Imagine, if you will, that you’re at Disneyland, most likely near FantasyLand. Now picture getting into one of those innocuous rides like “Mr. Toad’s Wild Ride”, or “Peter Pan”.
Now picture doing the same thing, about 400 feet up.
Oh, and the equipment you’re riding on is the original stuff from about 1955.
And there’s other sets of coasters coming the opposite direction on the same track your coasters are using.
And then there’s the occasional living obstacles like cows, goats, and children, who wander in the way from time to time.
And…did I mention that all safety restraints and guard rails and stuff like that have been permanently removed? No? My bad.
That kind of sums up the experience, in a nutshell. The twisty mountain roads of northern India are paved a bit smoother than the gravelly tracks of Mexico, but there are no guardrails, or other vehicle stoppers. Along the best maintained stretches, they’ve placed rocks painted white at regular intervals. The rocks are too small to actually prevent a vehicle of any size from going over the high side–they’re more of a warning device. It’s common to look out the window, and, if you make the mistake of looking down, end up looking at the tops of farmers and cows a couple hundred feet below. The place to look is across, where you can get the best view of the misty hillsides and valley vistas.
Another place to avoid looking at is through the front windshield, which will display examples of yaw, pitch, and roll normally seen only outside the windows of a student-flown Cessna. Ironically, if you are looking in that direction at all, there will be plenty of stuff to distract you, because no Indian vehicle is really complete without some little shrine to the gods on the dashboard. And despite the fact that roadside shrines and temples tend to appear every few kilometers or so, a few minutes on any mountain road is enough to convince one of the absolute need for a dashboard deity. The decorations range from the subtle to the sublime to the ridiculous.
Even the smallest private vehicle will have something on the dashboard to propitiate the demons of the road. It may be no more than a bit a red cloth decked with gold tinsel, or a small plastic statue of Ganesh, Laxmi, or Shiva. But no bus is complete without a full-on shrine up front, decked out with strand after strand of tinsel, holiday lights, and plastic flowers. Long-distance truckers–commonly called “public carriers” here–also pimp out their rides on the outside, adding fancy wrought iron work, bright colors, blinking lights, paintings of Shiva and Garuda, along with patriotic fervor like “India is great.” I find the Garuda decoratoins on autorickshaws the most ironic. Some autorickshaw drivers deck the roofs of ther cars with these little statues of Garuda in flight. The plastic wobbles in the slightest breeze generated by movement, so it’s not unusal to see an autorickshaw putt-putting along at 20 kph, with its Garuda decorations flapping like mad, as if they’re assisting the engine in getting the passengers somewhere.

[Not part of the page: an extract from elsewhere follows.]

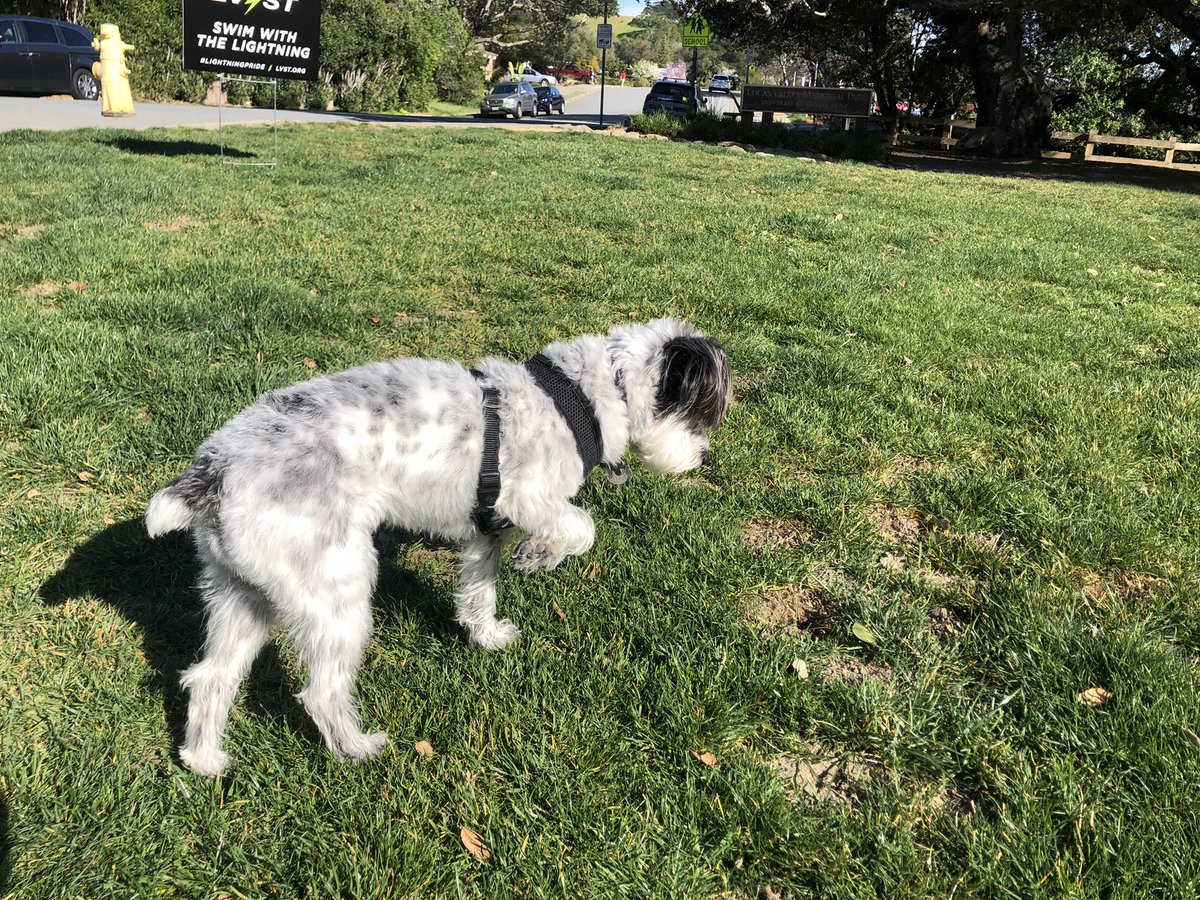 MNotthecat's tweet photo. My Alf tells people that I am “half schnauzer, half poodle, and half Dalmatian (cuz of my spots).” Now he’s adding “half pointer” after observing my gopher hunting technique. ALMOST got this one! https://t.co/Nb27YLlLMZ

But I digress….back to our bus.
A bus crew includes one guy, stationed in the rear of the bus, in addition to the driver. This second crewman I think of as ‘the purser,’ since his jobs involves carrying a purse with a shoulder strap. This guy has several jobs, including helping people on and off, collecting fares, and so on. The most important job by far is acting as the driver’s rearview mirror, since the bus doesn’t really have any. A single whistle lets the driver know to either stop, and let someone off, or go, because everyone’s on board. The purser uses more complicated signals for backing up and turning while in reverse. When two buses meet on a mountain road, they back and fill delicately around each other, like two old ladies shifting past one another in a very narrow hallway. The whistle of the purser is what keeps a bus from simply shuffling over a cliff edge by mistake, so I’ve come to find the shrill tweets and toots to be a reassuring sound.